Thank you for posting my notes on the other place.
A few more notes if I may, and I ask that Mr Wadinga (if he wishes to, with any questions) post them here on Steel Navy. This will save your time and trouble.
Wadinga says he is 'perplexed', 'Standard practice at the time ...'
One of the official histories states that it was the standard practice at this period to supply bearings, with the officer afloat calculating the fixes himself.
Tovey's navigating officer had what he believed was the complete and current list of H/F D/F stations in the UK. This list was intact out of date; instead of there being five stations as he believed from his list there were in fact seven. OIC was unaware of the officer not having the full list, and this was the cause of the error in plotting the fixes and hence Tovey going off chasing shadows.
It should be noted that Tovey had to keep his mouth shut and not be Dfd on by the enemy. Later, OIC sent a second set of bearings based on further transmissions from Bismarck. This second set, also included the OICs plotting room fixes. This put things right for Tovey, who then deployed his forces accordingly.
As to whether Tovey's navigating officer had a set of Great Circle maps, IO don't know, but he would have had a set of Admiralty Pilot Charts. Even I have a set of these for the North Atlantic.
Beesly notes on page 81; that the two destroyers, Ghurka and Lance that were fitted with type FH 3 H/F D/F, and that Tovey gave this as one of the reasons why he wanted bearings only from OIC, because the intercepts from these two vessels would give him 'first class cuts'. The problem was, that the Ghurka had machinery defects and Lance had to leave to fuel. however to be of actual use in Dfing they would have had to have been within twenty miles of Bismarck. Beyond that, the FH 3 would not be able to intercept transmissions.. Several ships involved in the search were fitted with H.F D/F sets, but these are type FH 2, which was nowhere near as good as FH3. .
The story of wartime 'Y' and associated Dfing has yet to be fully told and I see it as part of the overall intelligence story. will write more a little later
Thank you for posting on the other site. As I don't have an E mail address I cannot post there, but probably would not want to anyway, because of the two Mediterraneans.
A few additional notes on the subject: I had sight of the question and answer file in 1971, at the time not much was publicly known re Churchill, Pound and Leach et al. So when I read it it was new to me, but not to insiders of course. I was allowed to view a few documents unofficially (at the time one was NOT allowed to let anybody know that one had seen anything). This was the start of my looking at official material some of which I was allowed to put into the British Battleship volume, but could not list these in the sources.
After seeing the file I was able to speak off the record to Admiral Buckley (Head of Naval Historical) on this matter, with the proviso that I kept it secret. As everyone is now pushing up the daisies ....
I can recount; in brief; Churchill upon hearing that Leach had disengaged, rose up in his fashion and climbed upon Pound, demanding action , somewhat similar to the Spartivento action.
After he later learned the full story, he calmed down.
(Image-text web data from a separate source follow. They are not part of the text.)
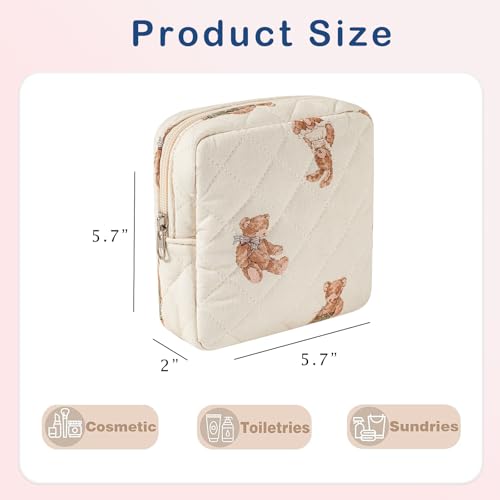 Small Quilted Cotton Makeup Bag for Purse, Cosmetic Bag with Compartments, Cotton Aesthetic Makeup Bag, Travel Toiletry Pouch, Key Pocket Lipstick Bag Card Holder Data Cable Organizer（01White Bear）2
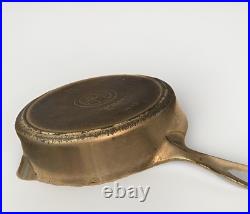 Antique #704 Griswold Nickel Plated Cast Iron Skillet #8 USA Slanted, ERIE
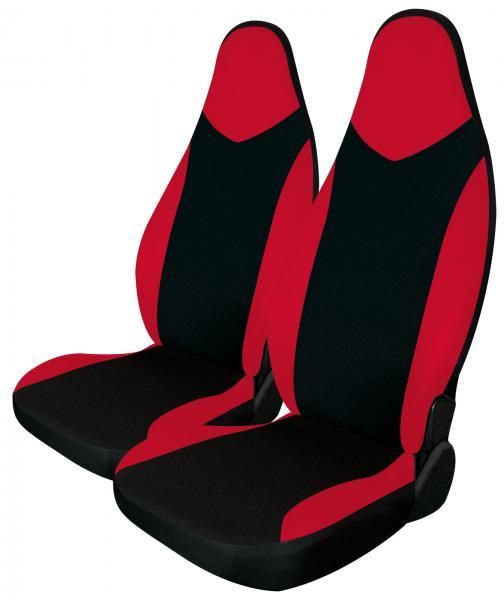 Cora Sporty front seat covers, one size, black/red fabric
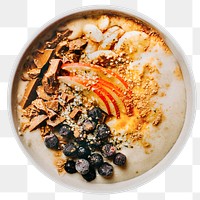 Smoothie bowl png sticker, healthy food cut out, transparent background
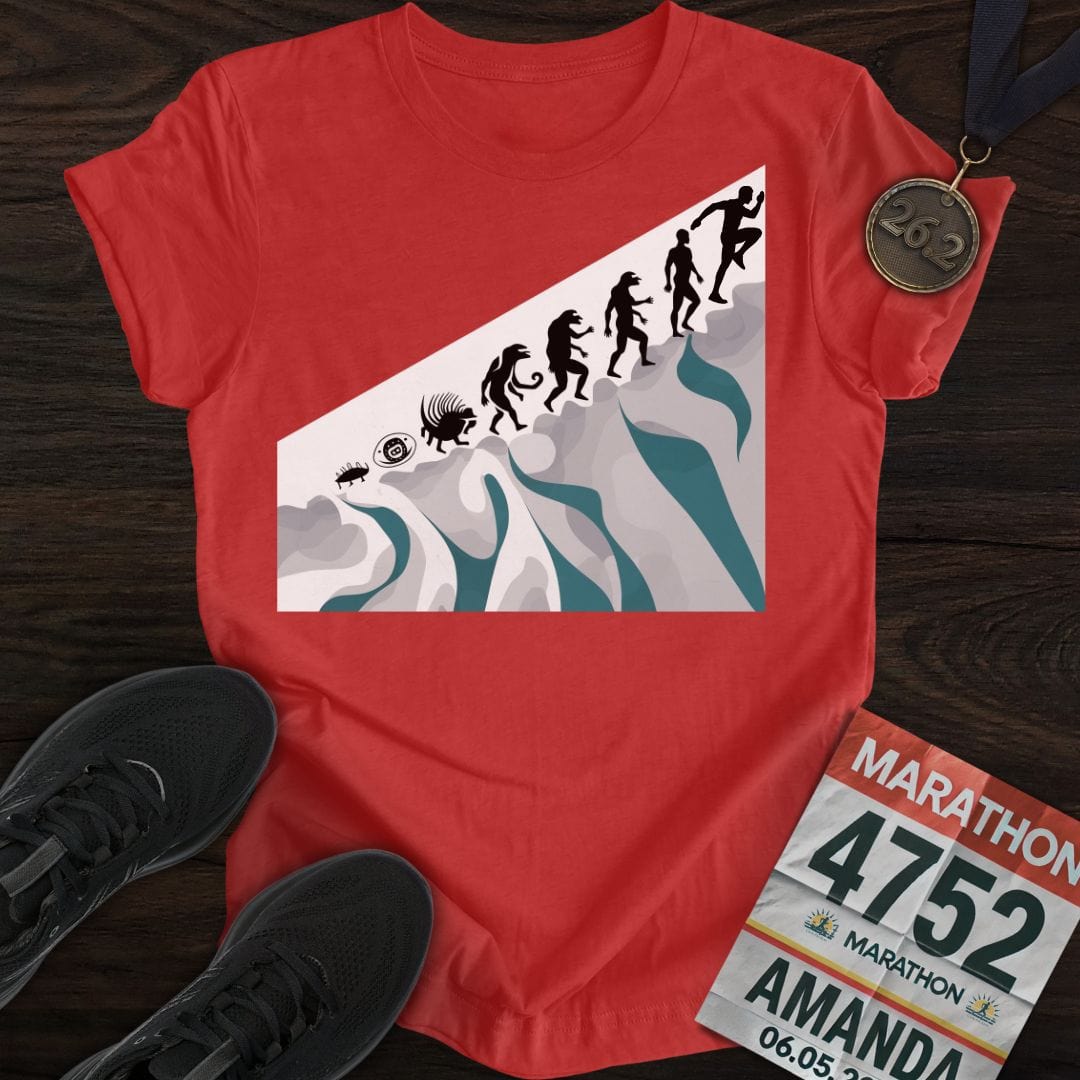 Printify T-Shirt Heather Red / S Runner Evolution Two T-Shirt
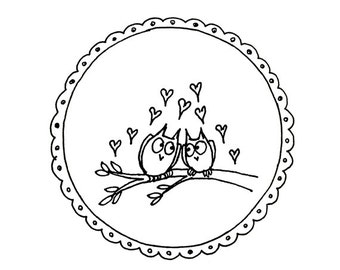 Owl Hand Embroidery Pattern Valentine's Printable Woodland Animal Digital Downloadable Download 0013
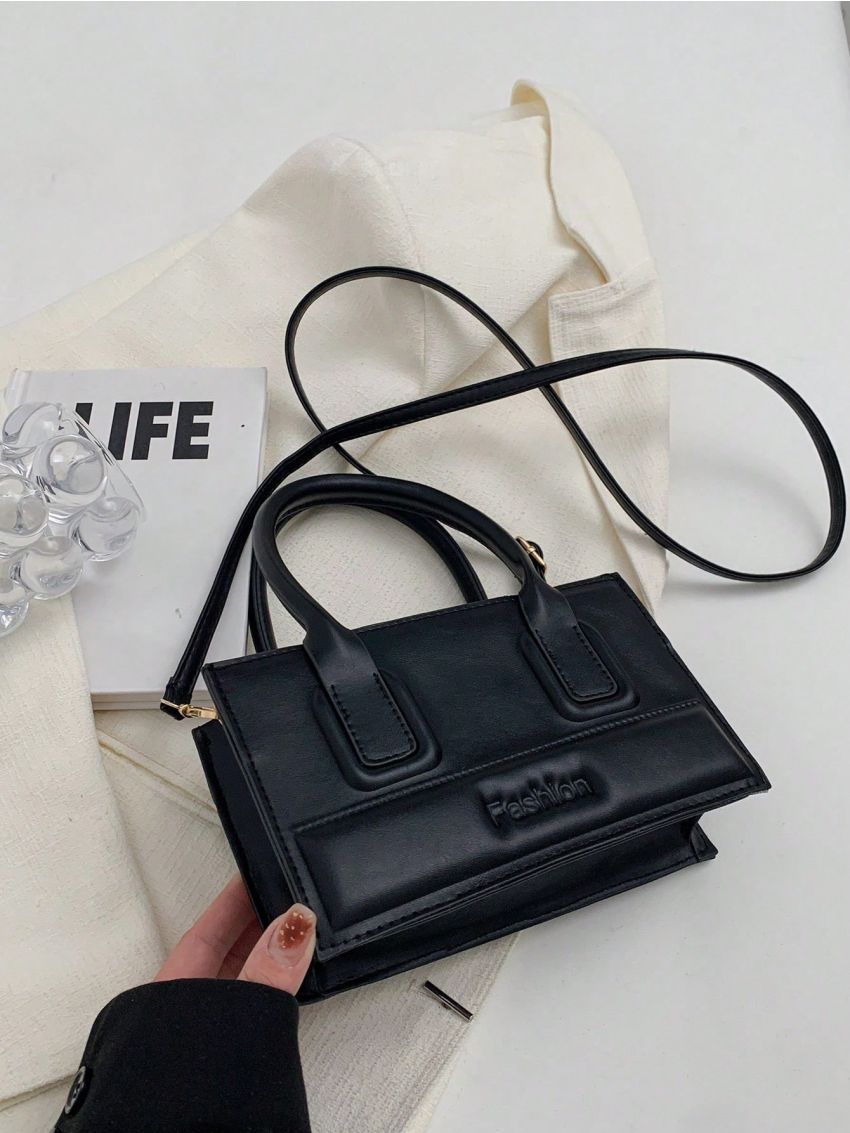Mini Square Bag Letter Embossed Double Handle
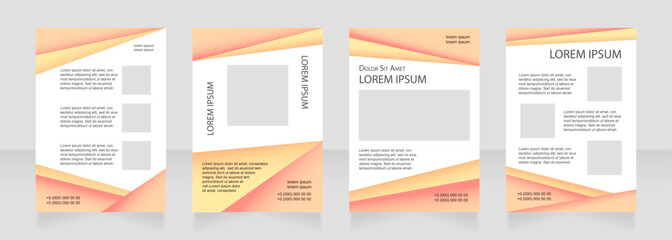 Orange blank brochure layout design. Promotional sheets. Vertical poster template set with empty copy space for text. Premade corporate reports collection. Editable flyer paper pages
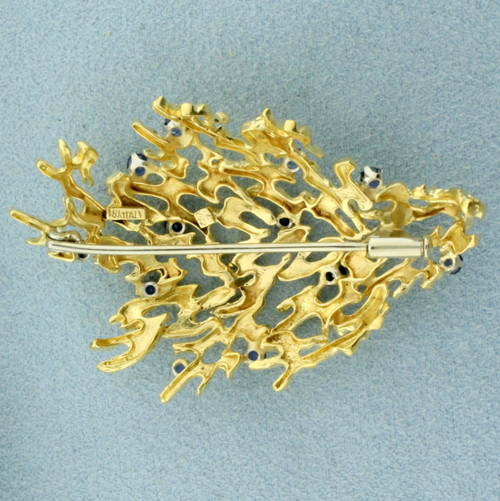 Italian Designer Sapphire Pin in 18K Yellow Gold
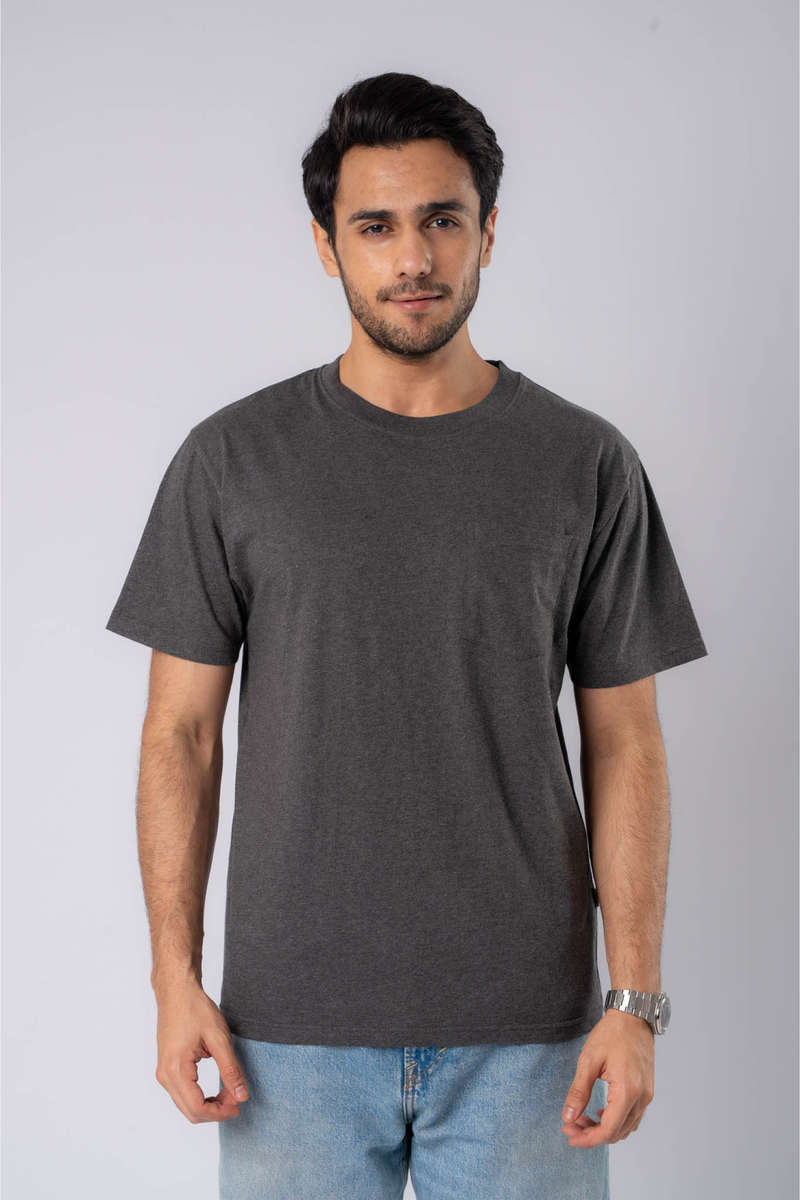 Round Neck Slim Fit Tee - Charcoal Black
Pound swayed with Churchill's wind as he sometime did, but the thing was put to bed after both had downed a drink to two and viewed the matter from a fuller perspective.
No cover up, NO suggestion of cowardice by Leach, Wake-Walker or Ellis.
The only thing missing is Pound's personal papers, and they were destroyed at the time of his death, upon his instructions.
I will post some more on the Dfing subject tomorrow.
Thank you Phil for posting this for me. I appreciate it.